Érase una vez una rana que vivía en una ciénaga. Quería ver el mundo, Por eso dejó la ciénaga y, llena de esperanza, emprendió viaje por el polvoriento camino. Pronto se encontró con un gran lago azul. «¿Cómo cruzaré el agua?», se preguntó.
En ese mismo momento escuchó el graznido de dos gansos que pasaban por allí.
—¡Eh, gansos! —gritó la rana—. Bajen, quiero hablar con ustedes.
—¿Qué quieres, rana?
—Tengo que cruzar el agua. ¿Pueden ayudarme?
—Depende —dijo uno de los gansos—. ¿Qué tenemos que hacer?
La rana señaló un palo largo y delgado.
—Lleven este palo al otro lado del lago. Yo me agarraré a él e iré con ustedes.
Así que cada uno de los pájaros tomó un extremo del palo con el pico.
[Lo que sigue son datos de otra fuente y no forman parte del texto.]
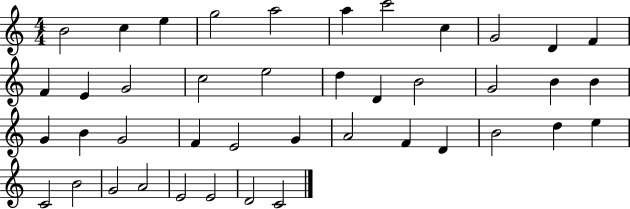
B4/h C5/q E5/q G5/h A5/h A5/q C6/h C5/q G4/h D4/q F4/q F4/q E4/q G4/h C5/h E5/h D5/q D4/q B4/h G4/h B4/q B4/q G4/q B4/q G4/h F4/q E4/h G4/q A4/h F4/q D4/q B4/h D5/q E5/q C4/h B4/h G4/h A4/h E4/h E4/h D4/h C4/h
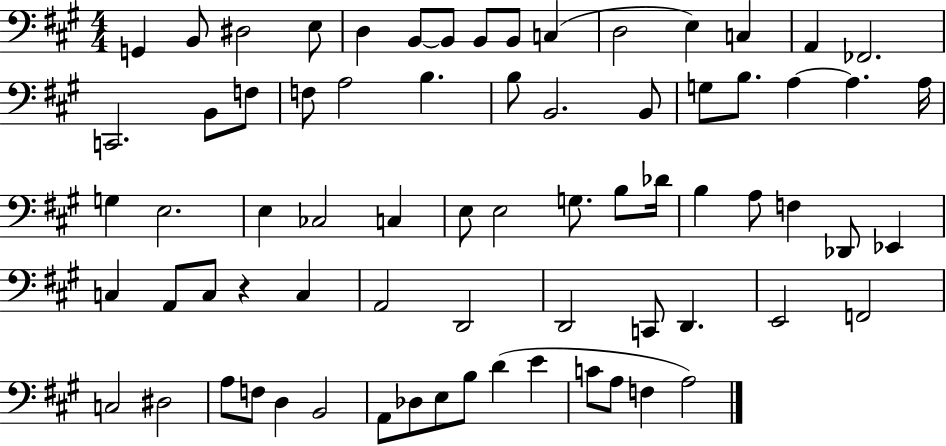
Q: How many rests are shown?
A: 1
La rana se instaló entre ambos y lo mordió en el centro con su enorme boca verde.
Cuando los pájaros y su pasajero viajaban hacia el otro lado del lago, dos personas que estaban en un bote los vieron pasar.
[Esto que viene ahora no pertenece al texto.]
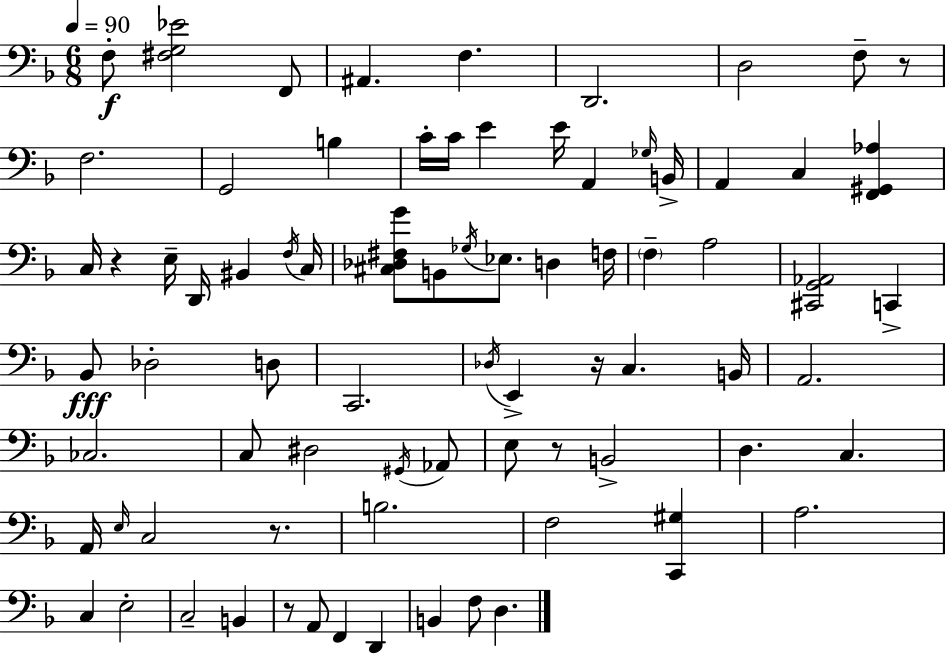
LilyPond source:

{
  \clef bass
  \numericTimeSignature
  \time 6/8
  \key d \minor
  \tempo 4 = 90
  f8-.\f <fis g ees'>2 f,8 | ais,4. f4. | d,2. | d2 f8-- r8 | \break f2. | g,2 b4 | c'16-. c'16 e'4 e'16 a,4 \grace { ges16 } | b,16-> a,4 c4 <f, gis, aes>4 | \break c16 r4 e16-- d,16 bis,4 | \acciaccatura { f16 } c16 <cis des fis g'>8 b,8 \acciaccatura { ges16 } ees8. d4 | f16 \parenthesize f4-- a2 | <cis, g, aes,>2 c,4-> | \break bes,8\fff des2-. | d8 c,2. | \acciaccatura { des16 } e,4-> r16 c4. | b,16 a,2. | \break ces2. | c8 dis2 | \acciaccatura { gis,16 } aes,8 e8 r8 b,2-> | d4. c4. | \break a,16 \grace { e16 } c2 | r8. b2. | f2 | <c, gis>4 a2. | \break c4 e2-. | c2-- | b,4 r8 a,8 f,4 | d,4 b,4 f8 | \break d4. \bar "|."
}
—¡Anda, mira eso! —dijo la dama a su esposo—. Esos dos gansos llevan una rana al otro lado del lago. Qué astutos.
La rana, al escuchar el comentario de la dama, se hinchó de orgullo y dijo: —Fue idea mía.
Pero tan pronto como abrió la boca, resbaló del palo y cayó al agua. Fin del viaje.
Porque el que a si mismo se engrandece, será humillado; y el qué se humilla, será engrandecido. Mateo 23:12.
Por supuesto, esta historia es ficticia, pero la lección que nos enseña es cierta. Como dice la Biblia: «Tras el orgullo viene el fracaso; tras la altanería, la caída». Los engreídos nunca progresan. Y si no, pregúntale a la rana.